■ How to complete this task
A word-for-word transcription of the listing is all that is needed.

■ Dataset excerpt
++++++

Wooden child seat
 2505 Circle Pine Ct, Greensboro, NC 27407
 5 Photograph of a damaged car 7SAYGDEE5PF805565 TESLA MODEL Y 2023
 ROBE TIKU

++++++

■ Solution to the problem
Wooden child seat
 2505 Circle Pine Ct, Greensboro, NC 27407
 5 Photograph of a damaged car 7SAYGDEE5PF805565 TESLA MODEL Y 2023
 ROBE TIKU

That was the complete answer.